Once an Addict Always an Addict?

I was talking to one of my challengers the other day and she said something to me that just clicked. She asked how I was and I mentioned I felt a bit like a hypocrite bc I had gained some weight back after losing it all and here I am helping others and representing a healthy lifestyle when I still struggle to eat right some days. Her response was dead on.

"Don't feel like a hypocrite! It helps me to know that you are just like me. We will always battle with our weight. Junk food is a drug that is very addictive. Once an addict always an addict. It's ok to fall off but once you have your moment then just pick yourself back up and do it again."

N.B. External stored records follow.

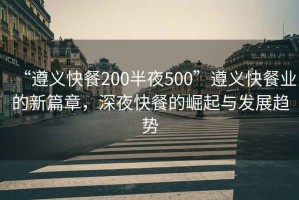 “遵義快餐200半夜500”遵義快餐業的新篇章，深夜快餐的崛起與發展趨勢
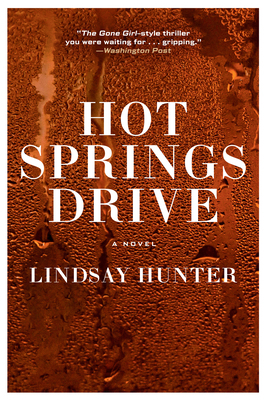 Hot Springs Drive 0802163610 Book Cover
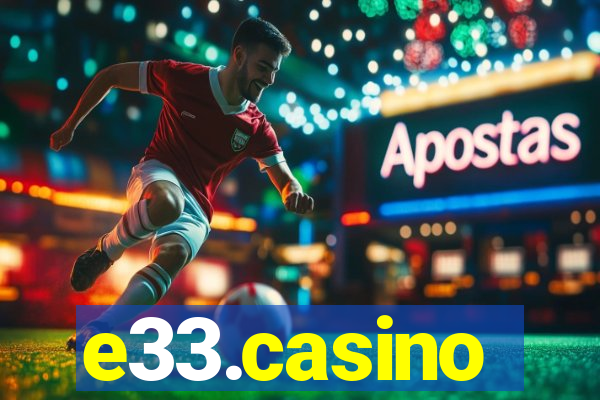 e33.casino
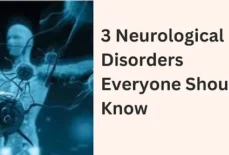 3 Neurological Disorders Everyone Should Know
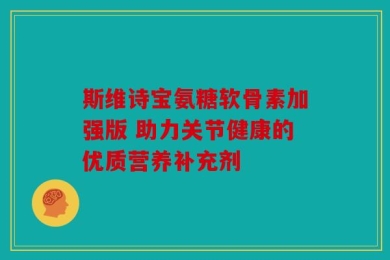 斯维诗宝氨糖软骨素加强版 助力关节健康的优质营养补充剂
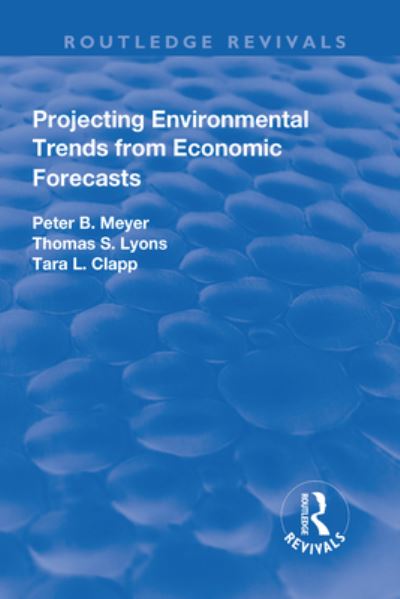 Projecting Environmental Trends from Economic Forecasts - Routledge Revivals - Peter Meyer - Books - Taylor & Francis Ltd - 9781138726055 - January 16, 2019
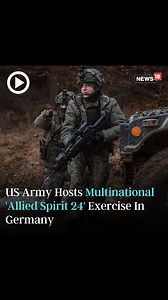 US Army teams with multinational forces in Bavaria for Allied Spirit exercise #UnitedStates #Germany #Army | News18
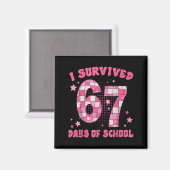 Funny Meme Six Seven Teacher I Survived 67 Days Of Magnet (Vorderseite/Rückseite)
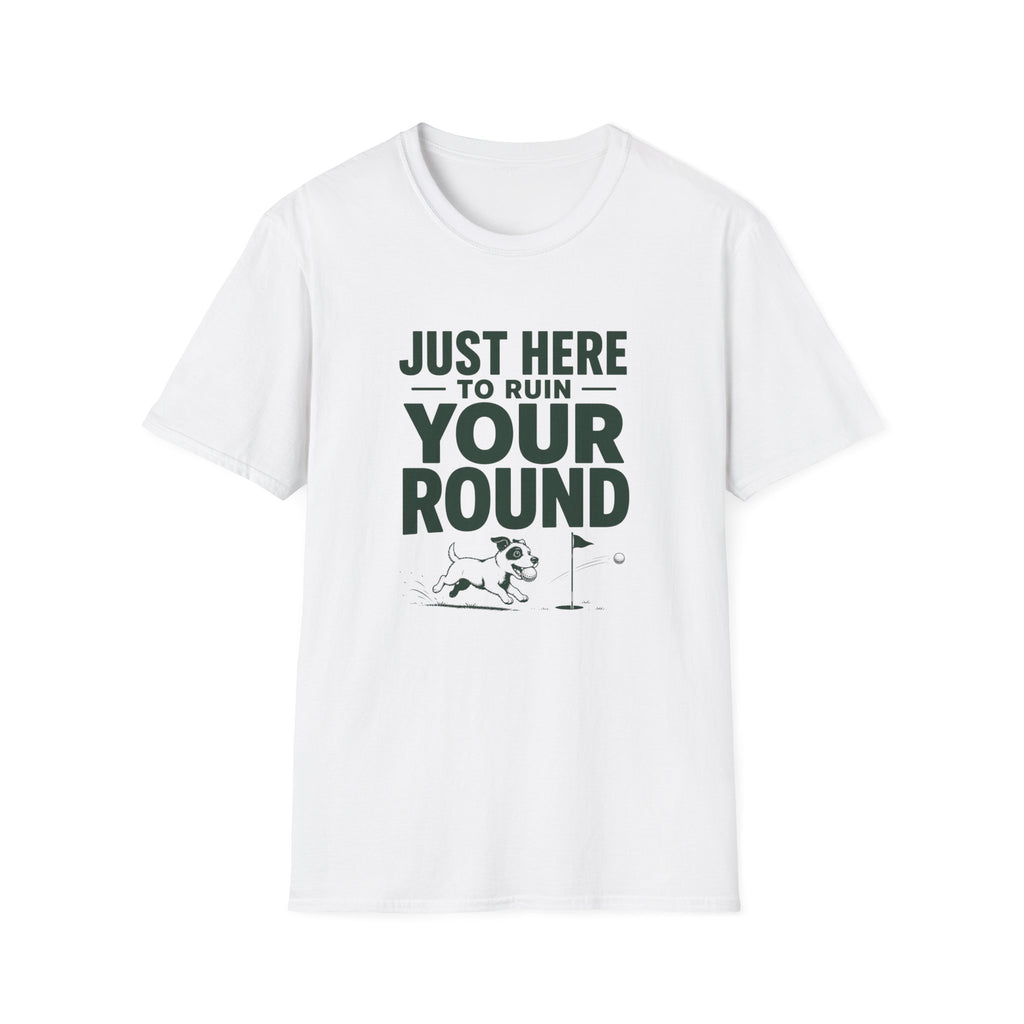 Just Here to Ruin Your Round T-Shirt — Funny Golf/Sports Humor Tee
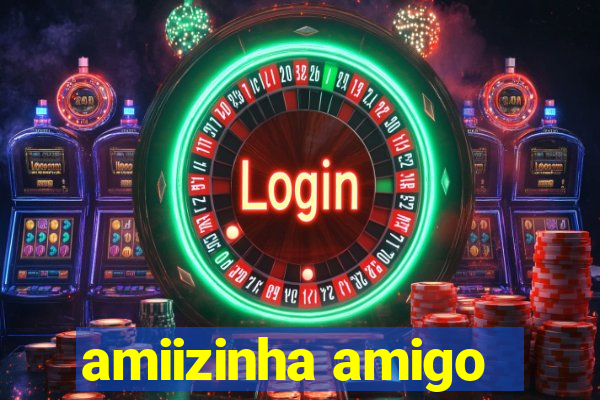 amiizinha amigo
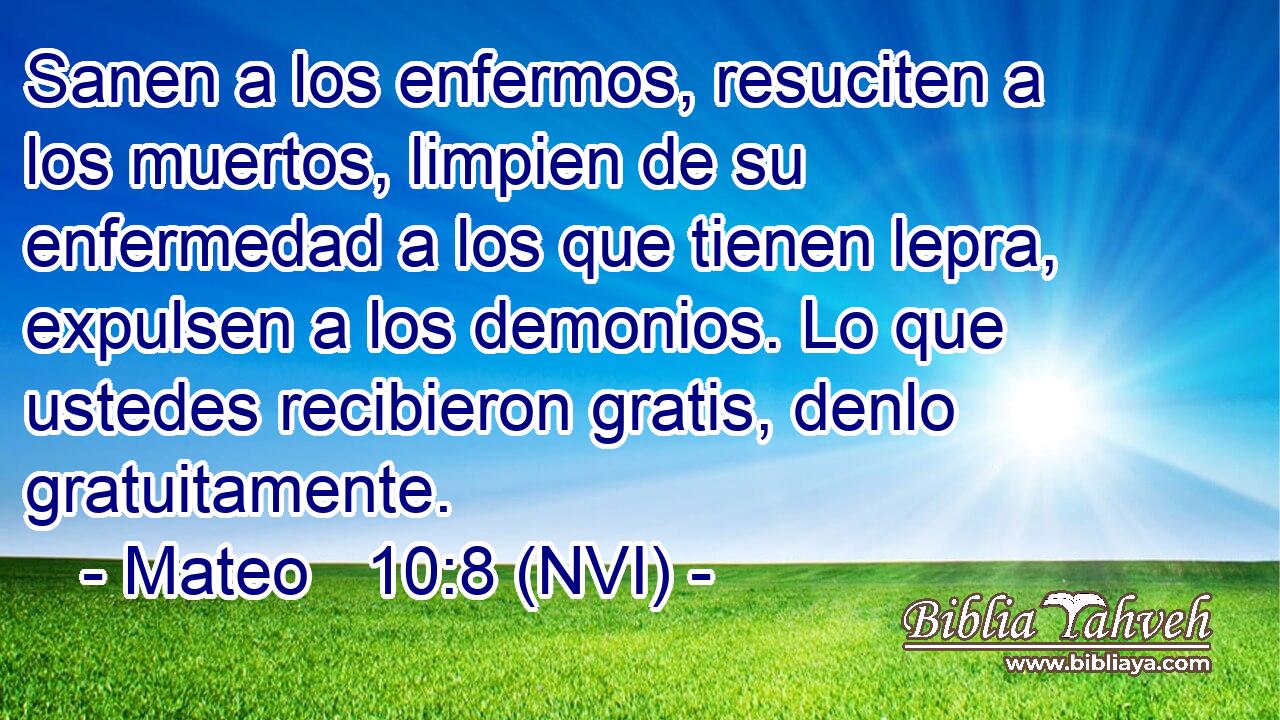  Sanen a los enfermos, resuciten a los muertos, limpien de su enfermedad a los que tienen lepra, expulsen a los demonios. Lo que ustedes recibieron gratis, denlo gratuitamente.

She was so right! These words rang true to me especially today when I had an aha moment! I had just ate my snack, a blueberry cereal bar (not totally clean but a relatively healthy snack none the less). I finished it and wasn't at all hungry anymore. Yet, I found myself fighting the urge to go back in the kitchen to get another one. Why? Simply because it tasted good and wanted more of it. That was my aha. "Once an addict always an addict"- she was right. Here I was perfectly fine physically without it but mentally, I was about to mindlessly eat more for one reason only.. It tasted good. Yep, food addict. That's what I am. I always will be one too. Those old habits can creep right up on you in a flash and before you know it.. All logic is out the window.

Recognizing this is going to be huge in moving past it! Had I not just talked with my challenger about that, I probably would have eaten more than I needed. I didn't though. That little voice popped in my head and gave me the reminder I needed to not lose focus and stay the course!

It is so important to focus on long term, not in the moment! Remembering you are worth it, your goals are important and your health matters will really go a long way!